Who is President Trump's nominee for attorney general, and how will the FIRST STEP Act fare under his leadership?
William Barr, President Trump's nominee for attorney general, came before the Senate for confirmation this week. Barr, once an architect of policies that helped give America the world's highest incarceration rate, has pledged to implement the FIRST STEP Act, but with Trump's signature barely dry on the bipartisan criminal justice reform legislation, the nomination of Barr worries many reform advocates.
As attorney general to President George H.W. Bush in the early 1990s, Barr made the case for expanded incarceration, severer sentencing, and a prison construction campaign as the means to combat violent crime, which was then at its peak. At the time, many law enforcement officials and leaders on both sides of the aisle agreed.
But in the last quarter century, we have all learned the terrible costs of over-incarceration. We've also learned that there are values-based, data-driven, and cost-effective ways to keep Americans safer. If he is confirmed, Barr has an opportunity to combine his dedication to public safety with these hard-won insights by implementing the FIRST STEP Act fully and expeditiously.

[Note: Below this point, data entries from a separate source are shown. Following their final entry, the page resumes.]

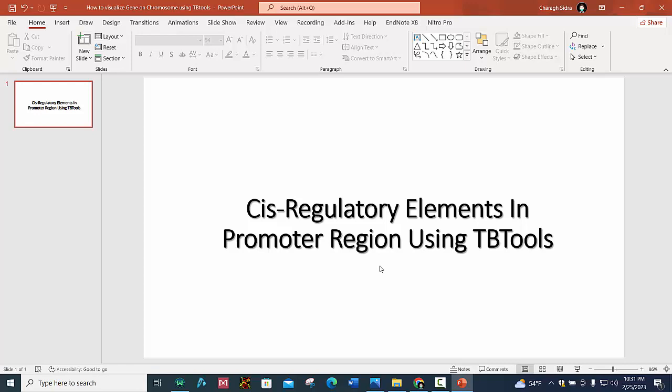Okay, so we will see how we can represent cis-regulatory elements in promoter region using TBtools.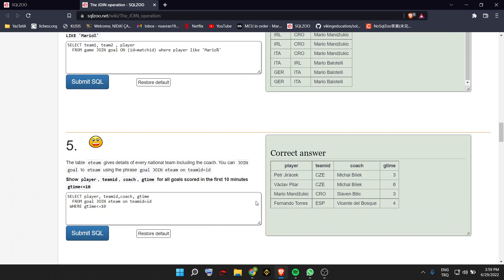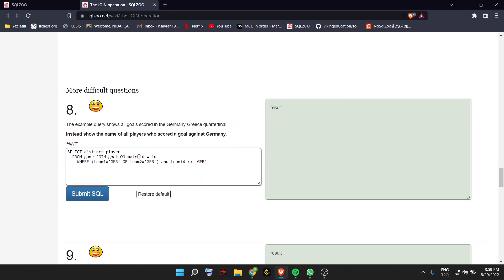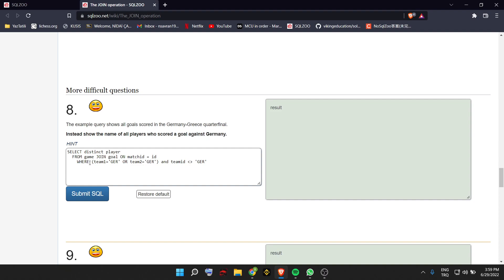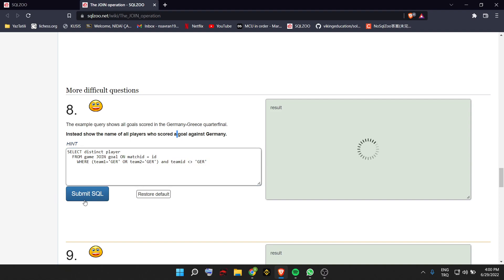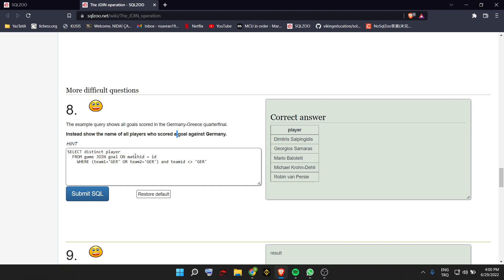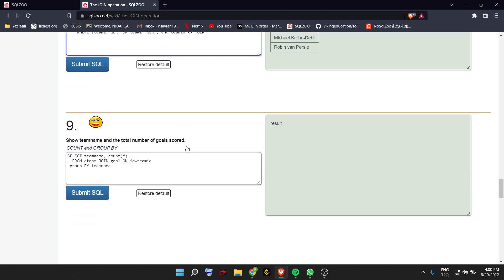The next question asks to show the name of all players who scored a goal against Germany. Germany should be in the match, so team 1 or team 2 should be Germany. The person who scored the goal should not be from Germany, because we have to find goals scored against Germany. We join using match ID and write our conditions.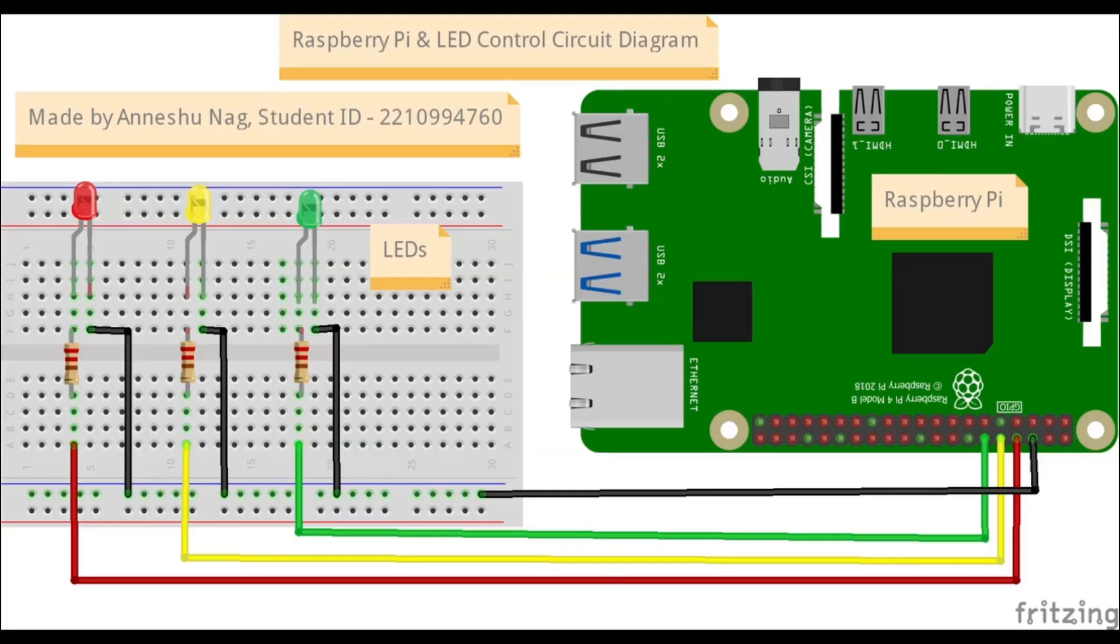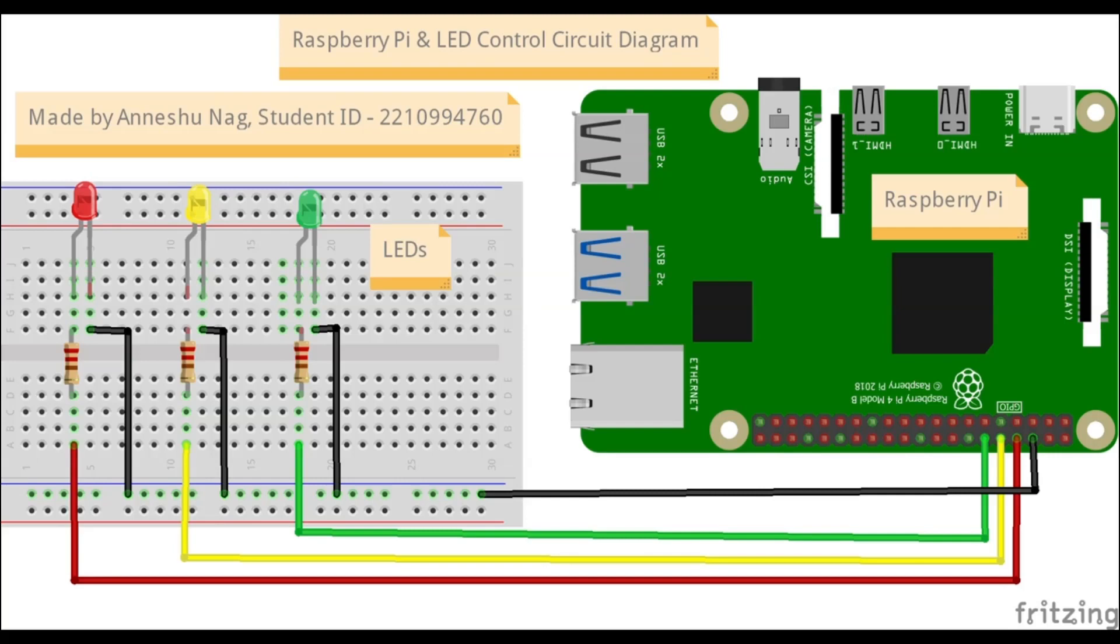Let's begin by understanding the hardware for this setup. As you can see in the circuit diagram shown on the screen, I have connected the red, yellow and green LED to the Raspberry Pi through wires and I have also used resistors to protect the LEDs.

The appointment of a new Bureau of Prisons director who embraces this commitment will be critical to successful implementation.
A NEW ERA FOR CRIMINAL JUSTICE REFORM
The FIRST STEP Act passed before Christmas with overwhelming support in both chambers of Congress. It was the most significant, restorative federal prison reform effort since Barr's last stint as attorney general. The bill's most critical components were not pioneered at the federal level, but rather in the states, including conservative strongholds where support for the current administration runs the deepest.
For example, Texas has used a variety of criminal justice reforms, including diversionary drug courts and parole reform, despite its lock-'em-up reputation. In the process, it has reduced its behind-bars head count enough to shutter several prisons.
Thanks to its reforms, Texas shrank its prison population 10 percent between 2008 and 2013, more than twice the average national reduction, while simultaneously cutting its crime rate. And it wasn't just in Texas; according to the Pew Center on the States, the 10 states that cut prison population the most had an average 14 percent reduction in crime rates.
This data upends the traditional tough-on-crime narrative, which posited that lengthy sentences in harsh conditions would stop crime in its tracks. One might think that "worse" prisons are more effective deterrents, but the opposite has turned out to be true.
When prisons are overcrowded and violent, when prisoners lack access to educational or rehabilitative programs, and when sentences are unduly long, the justice system becomes a revolving door and a breeding ground for crime.
THE COST OF MASS INCARCERATION
Despite the federal prison system's $8 billion annual budget, many federal corrections facilities are overcrowded and provide insufficient programming. The result is a 49 percent recidivism rate. That means that half of the people the Bureau of Prisons releases go back behind bars for violating parole or committing new crimes. That's a waste of taxpayer dollars and a systemic failure to protect Americans. Implementation of the FIRST STEP Act, which will promote a more restorative culture in federal prisons, gearing them toward rehabilitation instead of prisoner warehousing, will help the federal system join the ranks of more successful state corrections systems.
In his proposed second turn as attorney general, Barr has an opportunity to build a legacy of restoration, implementing changes to secure a better prison system that gives men and women behind bars opportunities to take responsibility for their crimes, make amends, and learn to live differently. This should include expanding access to faith-based reentry programs like the Prison Fellowship Academy®.
We know what happens when we lock people up in a system that does not rehabilitate them, and the costs to society—both human and financial—are far too high for us to continue to bear.
And we now know how we can protect the public while building a criminal justice system reflective of our deepest national values. If he is confirmed, Prison Fellowship urges Barr to support and execute the FIRST STEP Act as its framers and the public intend—to transform lives and protect American communities.